While network security remains a specific discipline, the protection of information and data flowing in-and-out of any organization should not be distinct from the information management aspect.

We all agree that data lives on an inherently insecure network. Obviously this network has to be made as secure as possible from denial of service attacks, etc. But increasingly, it is not network attacks that generate compliance and governance problems for enterprises. It is both inadvertent and deliberate data leakages.

These “security” issues are not like traditional security issues. These are tied specifically and directly to each and every data object. If data is properly managed with a security paradigm that governs data from creation through consumption through destruction, that is part and parcel of the data flow.

Security must be an integral part of the IFP mentioned above.

One of the closing slides presented by Symantec executive read “How we act defines us to the world”. In Symantec’s case, how it does not act, as in, how it still considers security and information management as separate, defines where Symantec may have missed the point (in its overall messaging).

Neuralytix does not believe that Symantec necessarily views security and information management as distinct as it does through its corporate organization and messaging. If the corporate messaging to customers is such, then customers are going to view Symantec that way.

Product integrations take time. However, the overall corporate messaging must be clear. So far, this message has just fallen short of where Symantec needs to be.

Unified means one, not two

It is ironic that both business unit names start with unified, yet a core differentiator of Symantec is not unified – security and data management.

Ultimately, Symantec needs to weave its story into one story – one very strong story. That story should read, only “Symantec has the ability to use data to accelerate your business through secure data management”. This is a message that can carry Symantec through 2020 and beyond.

Ideally, the IFP should be the instantiation of this story. All the various product solutions should “plug into” the platform. The IFP would become an ecosystem unto itself, providing opportunities by third party to deliver enhanced or unique data services, along with Symantec.

An example of this model would be VMware’s model. The hypervisor would be the “platform”. VMware offers vNetworking, vComputing, and vStorage to some degree, allowing its customers to make a choice between a holistic and collective single vendor approach, and it can take advantage of the specialization offered through the ecosystem.
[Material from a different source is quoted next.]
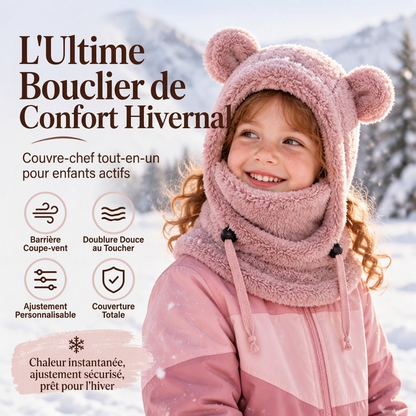 Balaclava doudou et chaude pour enfants avec d'adorables oreilles d'ours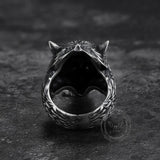Fenrir Wolf Head Sterling Silver Ring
Symantec can mirror this model. It already has best of breed and leading solutions in many aspects of the ecosystem, making it a leading contender for the various data services provision.

Conclusion

The vision expressed in Symantec Vision 2014 is a clear indicator that Symantec is beginning to understand the contemporary approaches of the data and information management markets. Its leadership in security is separately well appreciated by the market.

Symantec’s leadership has recognized the challenge of the numerous point solutions it had, and over the last 12 months has made significant in-roads to leverage the value of integration of its various offerings.

Nevertheless, Neuralytix believes Symantec falls just shy of the mark. It must not only continue the success it has had in integration and simplification of its solutions, but it must accelerate its development of its Information Fabric Platform (IFP) and even more importantly, its ability to deliver a singularly integrated secure data management platform.

Given Symantec’s talented developers, Neuralytix believes by FY2015, Symantec will achieve this. Neuralytix believes that Symantec must start articulating this one-Symantec message soon, and continue it through 2015.